Implement `memset_explicit`

cor3ntin · March 5, 2024, 6:30pm

My recollection of discussion in both WG21 and WG14 is that there was a desire that a high-quality implementation would flush cache lines.
There is discussion of that in the WG21 paper secure_clear

It might be worth asking WG14 to add a a better description of their intent to the wording even if not normatively

@AaronBallman

AaronBallman · March 5, 2024, 7:10pm

To the greatest extent possible, subject to QoI.

FWIW, I agree in general with what Jens is saying (specific details may have different nuances, of course). That matches the discussions we had about this feature in WG14.

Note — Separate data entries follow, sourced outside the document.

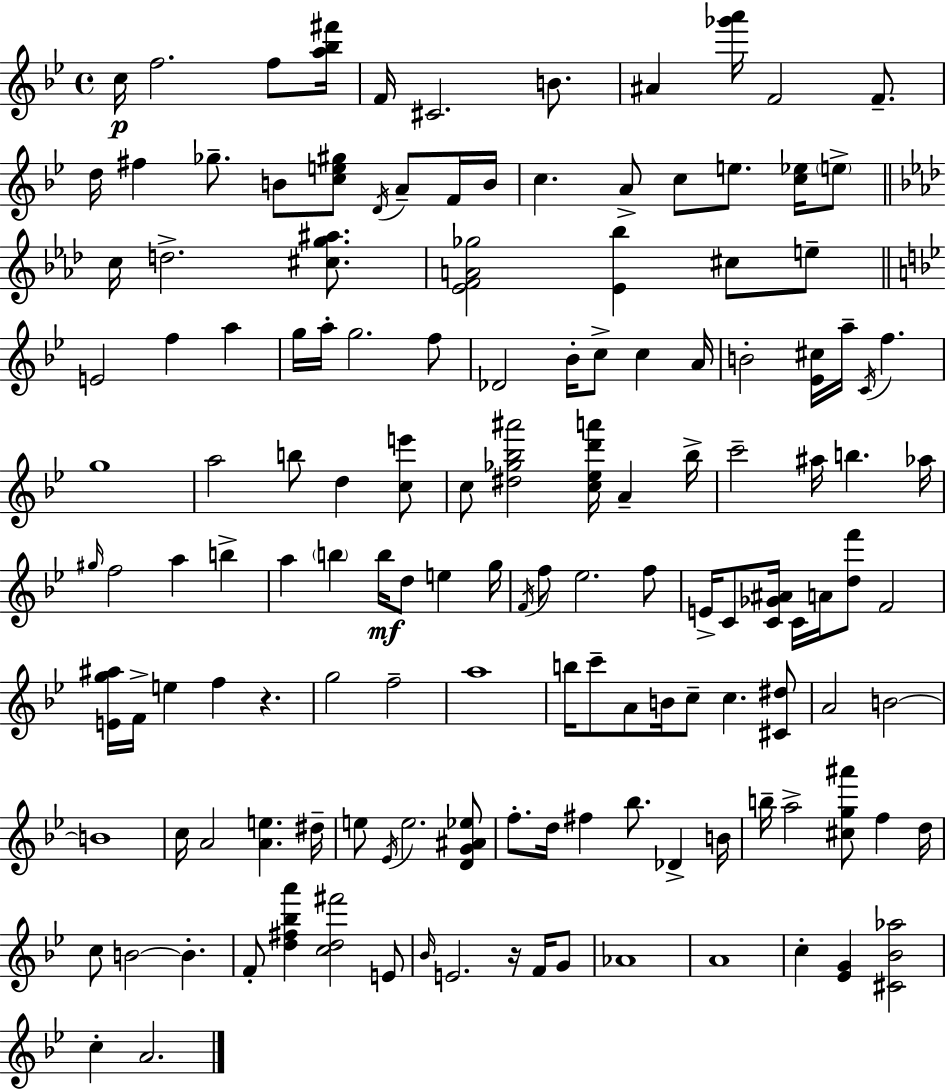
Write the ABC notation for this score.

X:1
T:Untitled
M:4/4
L:1/4
K:Bb
c/4 f2 f/2 [a_b^f']/4 F/4 ^C2 B/2 ^A [_g'a']/4 F2 F/2 d/4 ^f _g/2 B/2 [ce^g]/2 D/4 A/2 F/4 B/4 c A/2 c/2 e/2 [c_e]/4 e/2 c/4 d2 [^cg^a]/2 [_EFA_g]2 [_E_b] ^c/2 e/2 E2 f a g/4 a/4 g2 f/2 _D2 _B/4 c/2 c A/4 B2 [_E^c]/4 a/4 C/4 f g4 a2 b/2 d [ce']/2 c/2 [^d_g_b^a']2 [c_ed'a']/4 A _b/4 c'2 ^a/4 b _a/4 ^g/4 f2 a b a b b/4 d/2 e g/4 F/4 f/2 _e2 f/2 E/4 C/2 [C_G^A]/4 C/4 A/4 [df']/2 F2 [Eg^a]/4 F/4 e f z g2 f2 a4 b/4 c'/2 A/2 B/4 c/2 c [^C^d]/2 A2 B2 B4 c/4 A2 [Ae] ^d/4 e/2 _E/4 e2 [DG^A_e]/2 f/2 d/4 ^f _b/2 _D B/4 b/4 a2 [^cg^a']/2 f d/4 c/2 B2 B F/2 [d^f_ba'] [cd^f']2 E/2 _B/4 E2 z/4 F/4 G/2 _A4 A4 c [_EG] [^C_B_a]2 c A2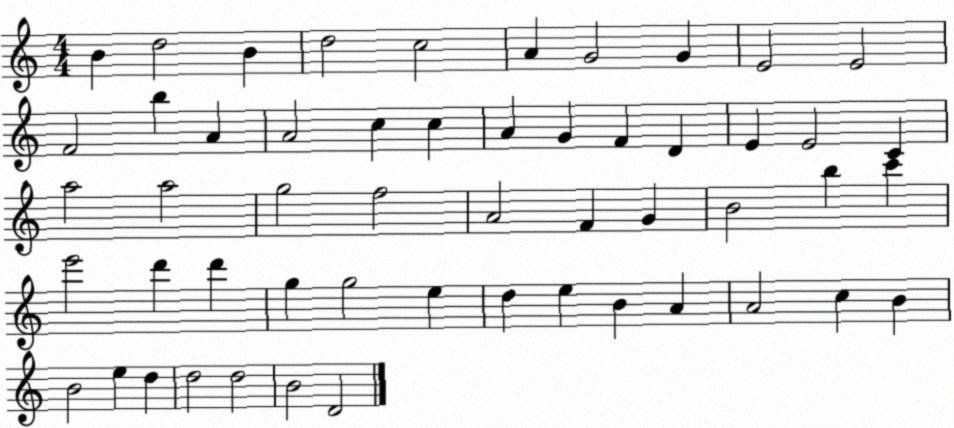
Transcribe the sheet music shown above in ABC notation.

X:1
T:Untitled
M:4/4
L:1/4
K:C
B d2 B d2 c2 A G2 G E2 E2 F2 b A A2 c c A G F D E E2 C a2 a2 g2 f2 A2 F G B2 b c' e'2 d' d' g g2 e d e B A A2 c B B2 e d d2 d2 B2 D2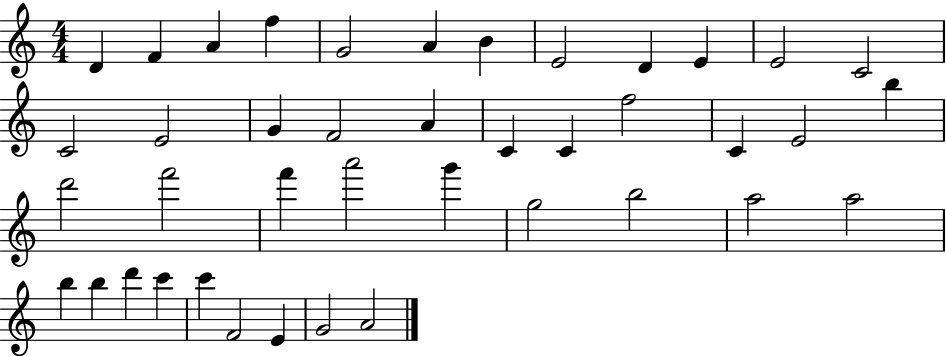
{
  \clef treble
  \numericTimeSignature
  \time 4/4
  \key c \major
  d'4 f'4 a'4 f''4 | g'2 a'4 b'4 | e'2 d'4 e'4 | e'2 c'2 | \break c'2 e'2 | g'4 f'2 a'4 | c'4 c'4 f''2 | c'4 e'2 b''4 | \break d'''2 f'''2 | f'''4 a'''2 g'''4 | g''2 b''2 | a''2 a''2 | \break b''4 b''4 d'''4 c'''4 | c'''4 f'2 e'4 | g'2 a'2 | \bar "|."
}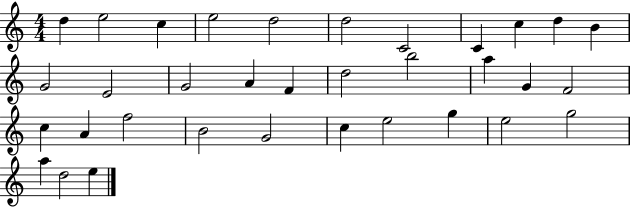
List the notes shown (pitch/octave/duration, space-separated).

D5/q E5/h C5/q E5/h D5/h D5/h C4/h C4/q C5/q D5/q B4/q G4/h E4/h G4/h A4/q F4/q D5/h B5/h A5/q G4/q F4/h C5/q A4/q F5/h B4/h G4/h C5/q E5/h G5/q E5/h G5/h A5/q D5/h E5/q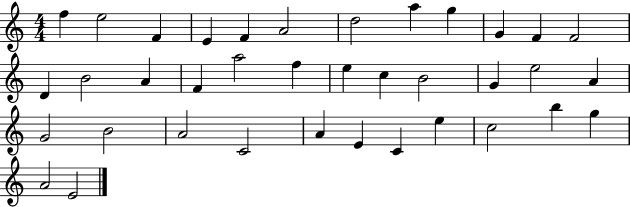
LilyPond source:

{
  \clef treble
  \numericTimeSignature
  \time 4/4
  \key c \major
  f''4 e''2 f'4 | e'4 f'4 a'2 | d''2 a''4 g''4 | g'4 f'4 f'2 | \break d'4 b'2 a'4 | f'4 a''2 f''4 | e''4 c''4 b'2 | g'4 e''2 a'4 | \break g'2 b'2 | a'2 c'2 | a'4 e'4 c'4 e''4 | c''2 b''4 g''4 | \break a'2 e'2 | \bar "|."
}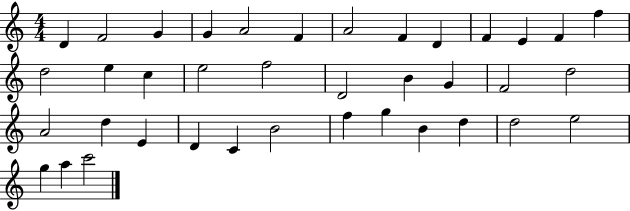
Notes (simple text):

D4/q F4/h G4/q G4/q A4/h F4/q A4/h F4/q D4/q F4/q E4/q F4/q F5/q D5/h E5/q C5/q E5/h F5/h D4/h B4/q G4/q F4/h D5/h A4/h D5/q E4/q D4/q C4/q B4/h F5/q G5/q B4/q D5/q D5/h E5/h G5/q A5/q C6/h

The abstract machine in C and C++ make this highly unlikely. We spent a significant amount of committee time trying to find a reasonable way to specify this function within the bounds of the abstract machine. As soon as you start talking about things like cache lines, even non-normatively, you run into people saying “well my DSP has no cache lines”, etc. And technology is always changing, so whatever we say about today’s latest optimization levers, it will be outdated in a few years when a new lever comes along.

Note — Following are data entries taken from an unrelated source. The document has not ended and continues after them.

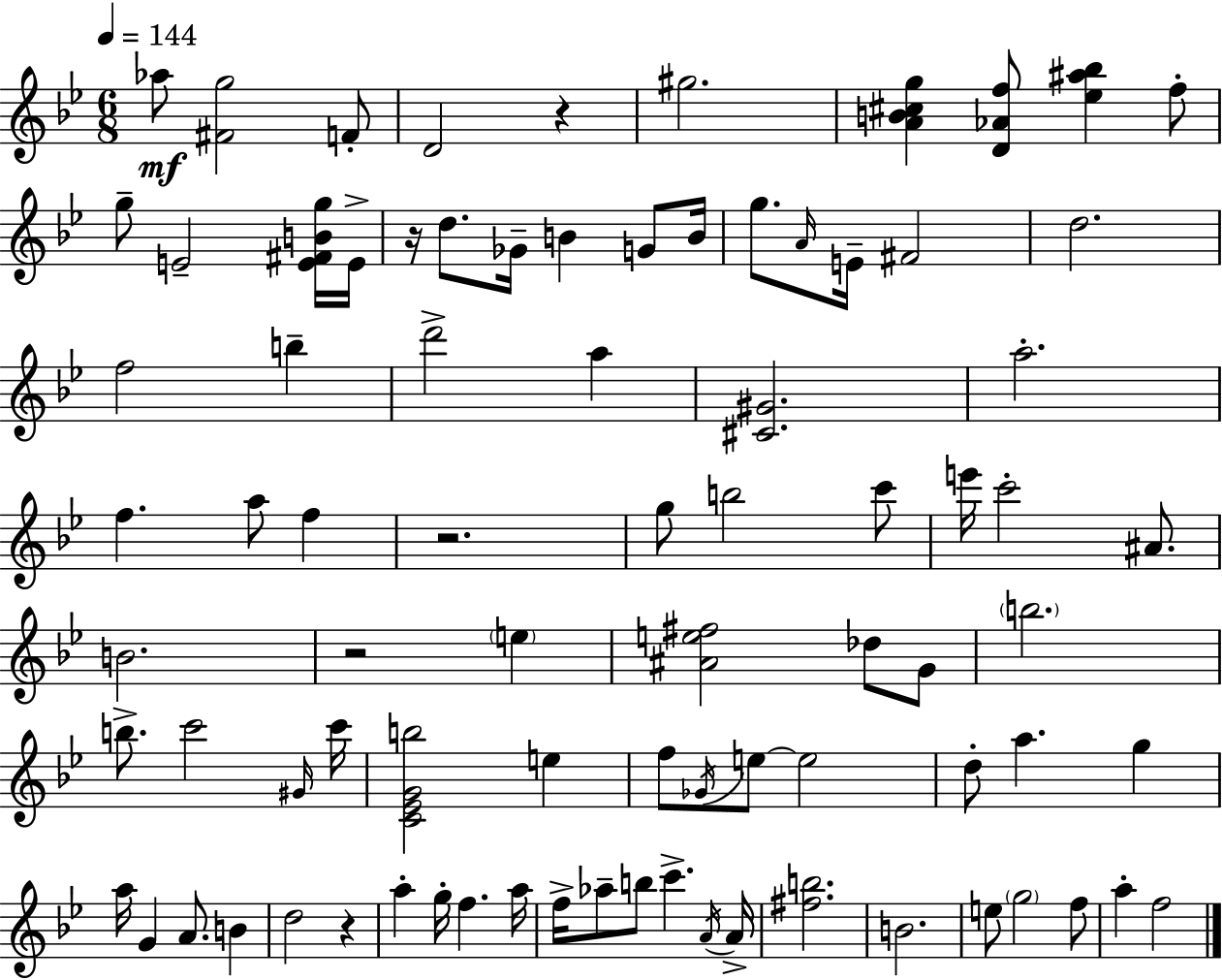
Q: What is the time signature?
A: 6/8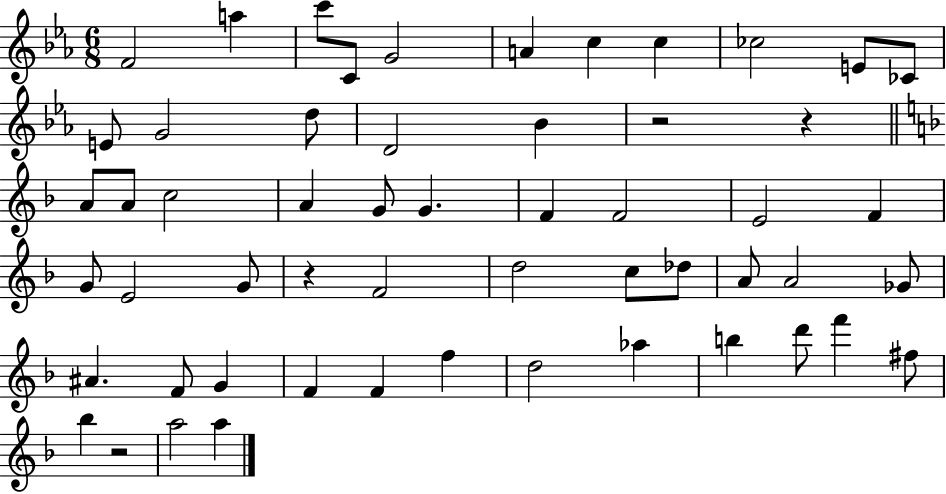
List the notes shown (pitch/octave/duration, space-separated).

F4/h A5/q C6/e C4/e G4/h A4/q C5/q C5/q CES5/h E4/e CES4/e E4/e G4/h D5/e D4/h Bb4/q R/h R/q A4/e A4/e C5/h A4/q G4/e G4/q. F4/q F4/h E4/h F4/q G4/e E4/h G4/e R/q F4/h D5/h C5/e Db5/e A4/e A4/h Gb4/e A#4/q. F4/e G4/q F4/q F4/q F5/q D5/h Ab5/q B5/q D6/e F6/q F#5/e Bb5/q R/h A5/h A5/q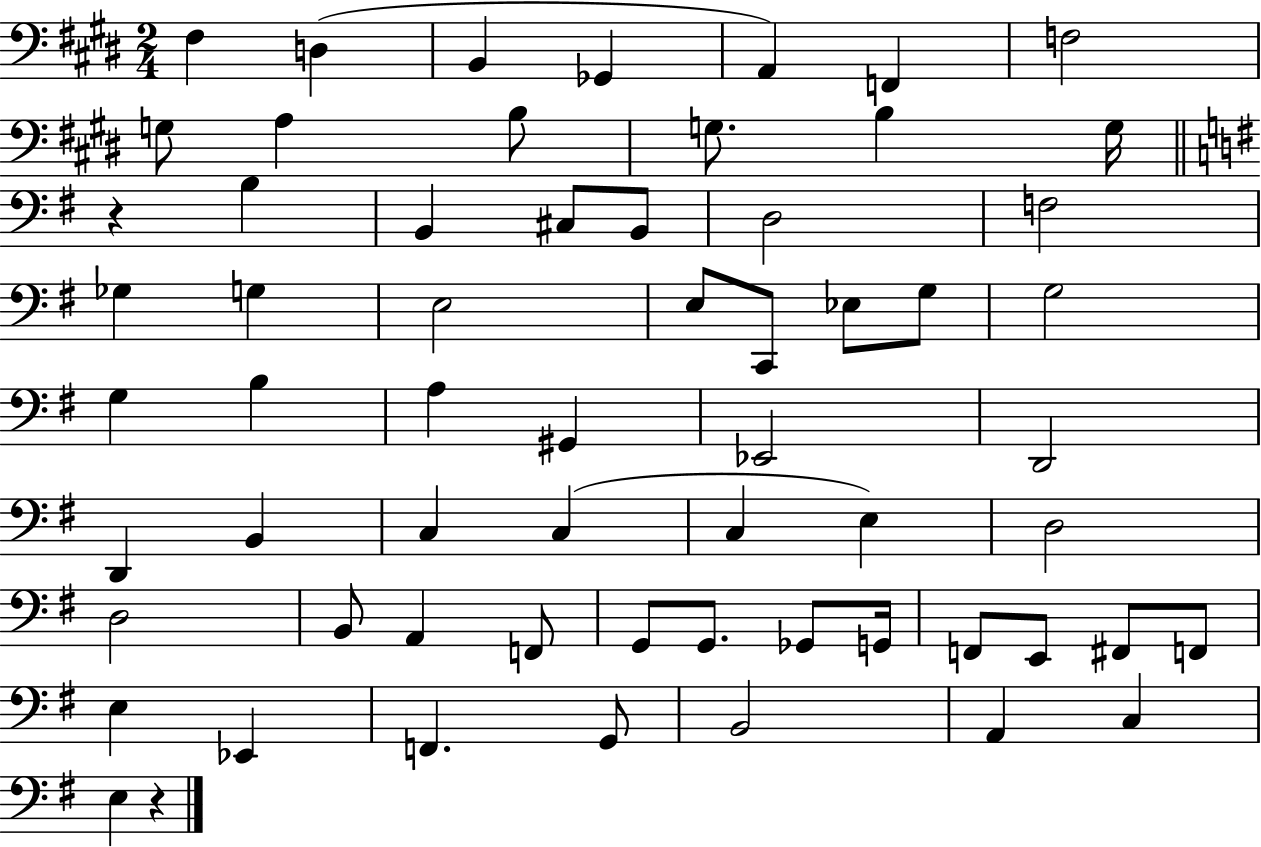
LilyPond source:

{
  \clef bass
  \numericTimeSignature
  \time 2/4
  \key e \major
  \repeat volta 2 { fis4 d4( | b,4 ges,4 | a,4) f,4 | f2 | \break g8 a4 b8 | g8. b4 g16 | \bar "||" \break \key e \minor r4 b4 | b,4 cis8 b,8 | d2 | f2 | \break ges4 g4 | e2 | e8 c,8 ees8 g8 | g2 | \break g4 b4 | a4 gis,4 | ees,2 | d,2 | \break d,4 b,4 | c4 c4( | c4 e4) | d2 | \break d2 | b,8 a,4 f,8 | g,8 g,8. ges,8 g,16 | f,8 e,8 fis,8 f,8 | \break e4 ees,4 | f,4. g,8 | b,2 | a,4 c4 | \break e4 r4 | } \bar "|."
}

The security aspects of this function are left up to QoI and the committee clearly stated our intent: we want a version of memset that is as secure as can be made for whatever architecture you care about. How implementations go about deciding what is or isn’t secure enough for them is a matter for discussion, and blog posts telling people things to keep in mind are useful to that process.

When working out the design for this function, the primary question is: can the security of calling this function be defeated by the optimizer and if the answer is yes, then the design is wrong. Other questions like whether cache lines should or should not be flushed will depend on the target, etc are left to the implementation but the expectation is that the function be secure not fast. If any given tradeoff makes things faster but less secure, it’s a bad tradeoff for this function.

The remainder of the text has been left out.